I did give my opinion to my son on some of his suggestions to name his baby. He asked and I gave my opinion honestly. He was actually considering “Ulysses” or “Aurelius”! I reminded him of how cruel kids can be in school and tease other kids with unusual names. U. S. Grant was called “useless” as a play on his name and went by “Sam”.
In the end, they didn’t choose Ulysses or Aurelius. I don’t like the name they chose but it’s not as bad as those.
Several decades ago (in the 70’s and 80’s) I worked with a male Shannon. Then in my next job (in the 2000’s) I worked with a female Leland. I never asked how their names were chosen.
Have not read much of the thread, but to answer the question posed in the post title…if you like name, say so. If you don’t like the name, simply find something else to comment on (“we’re so happy for you!” or “what a beautiful baby!”). This seems like basic manners 101…
I know a lot of Erin’s including some family members, never met a male. It’s obviously a popular name in the Irish dance community but I don’t think I’ve seen a male Erin on the competitors lists. I’ve never met male Lindsey’s or Tracy’s.
Erin was a popular girls name in my circle. I also grew up with a male Tracy but most in my peer group were women. The only Lindseys I know are also women. The first time I heard Lindsey for a man was Lindsey Graham.

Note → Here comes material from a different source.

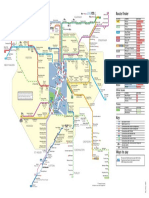 Buses and trams from Mitcham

My mother did not like what were going to name our older daughter, “that’s a boy’s name. All I can think of is (old actor’s name).” I was pretty upset with her. She didn’t mention it more than a couple of times, but 33 years later it’s still annoying even though I can kind of laugh about it. One more of a million things that passed through an almost non-existent filter.
Our second has a name with a common British spelling. Amazing how many variations there are in the spelling.
My youngest sister was given a name that is now fairly popular, albeit with a dozen peculiar spellings. I remember going in to tell her first grade teacher how to pronounce it.
My sister has a friend who did say something (but just once I believe) initially to her son and his wife when they mentioned the first name they were considering. The last name was two syllables starting with P (think Peppey or something like that). They had a first name they were thinking of for their son (2 syllable gender neutral starting with P). She asked them if they were concerned about the kid getting teased , P P jokes, for instance. They weren’t deterred and used the first name starting with P, and then also used a gender neutral P first name for their daughter later!
When immigrants from non-English-speaking countries to the US name their kids, it does appear that the likelihood of giving their kids (or themselves) a “typical American” name is related to the difficulty of getting a reasonable pronunciation of a heritage language name out of English speakers.
One of my kids had a friend whose parents were born in Korea. They had 2 boys a couple years apart and we knew the other kid through a sports activity. They both had names that started the same way( think like Ji Hun and Ji Yoon). I kept it straight in my mind initially by thinking of it alphabetically-the older boy had the H name, the younger one(son’s friend) had the Y name , which was later in the alphabet than H.